Background
Shared decision making (SDM) is a widely acknowledged gold standard of communicative practice in healthcare. SDM occurs in many contexts but is especially relevant in preference sensitive care associated breast cancer treatment. Previous research evaluates clinicians’ awareness of SDM and – to a lesser extent – patients’ understanding of it. However detailed examinations of how it discursively transpires in consultations are scarce.
Method
Ten audio recordings of adjuvant treatment consultations were transcribed using Jefferson conventions and subjected to conversation analysis (CA). CA focused on basic content, turn-taking, speech repairs, expansions and sequencing. The study was approved by University and associated health service Research Ethics Committees
Results
Three recurrent discursive practices took place during doctor-patient interaction.
1) Fragmented conversations included use of boundary markers at transitional points during the consultation. E.g., clinicians made regular use of the word ‘so’, to signify a new section of talk and instructing the patient to listen.
2) Territories of knowledge and epistemic markers: words such as, ‘we see’, and ‘we are’, created an implied understanding of a majority group that excluded the patient.
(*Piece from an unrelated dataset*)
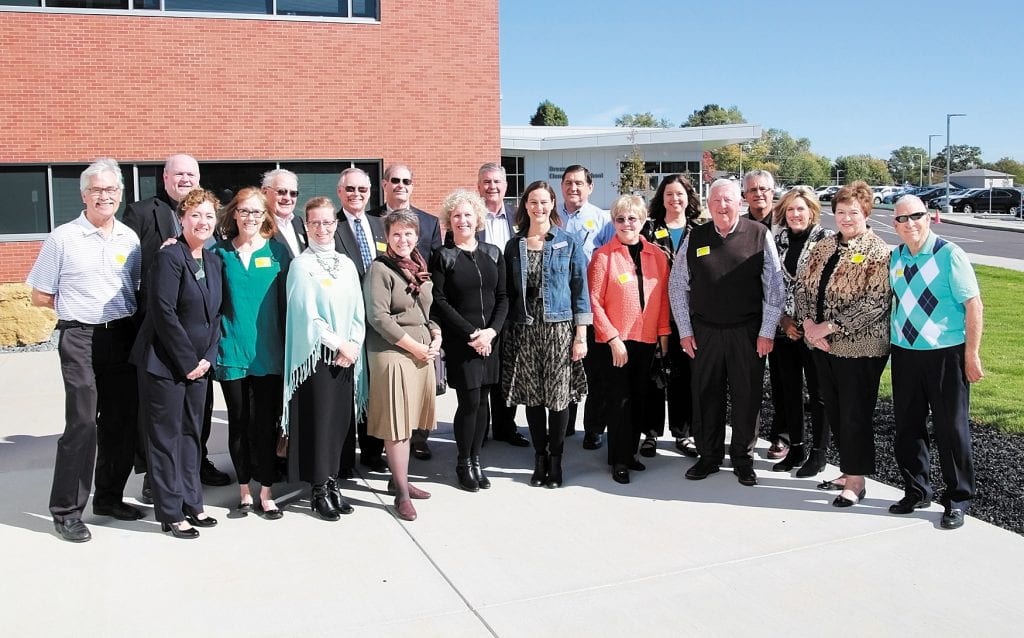 Current and former Lindbergh Board of Education members attending the annual luncheon for former school board members, back row, from left, are: Donovan Larson, current Treasurer Mike Tsichlis, Phil Carlock, Vic Lenz, James Eager, Barry Cooper, Larry McIntosh, Vicki Lorenz Englund, Ken Fey and Janine Fabick. Front row, from left, are: current board member Christy Watz, Marla Dell, current President Karen Schuster, Katie Wesselschmidt, Kathy Kienstra, current Vice President Jennifer Miller, Glenda Finnie, retired Superintendent Gary Wright, Joyce Brockhaus and Don Bee.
3) Extending multi-turn utterances: several transition relevance places (TRPs) appeared in the data, indicating that patients were implicitly invited to speak, but usually did not.
Conclusion
Patients did not appear to discern cues inviting their decisions which subsequently inhibited SDM. This suggests that the presence of SDM in consultations is controlled by patients’ participatory roles and that attention needs to focus on more CA to determine patient-led recommendations for how SDM should occur.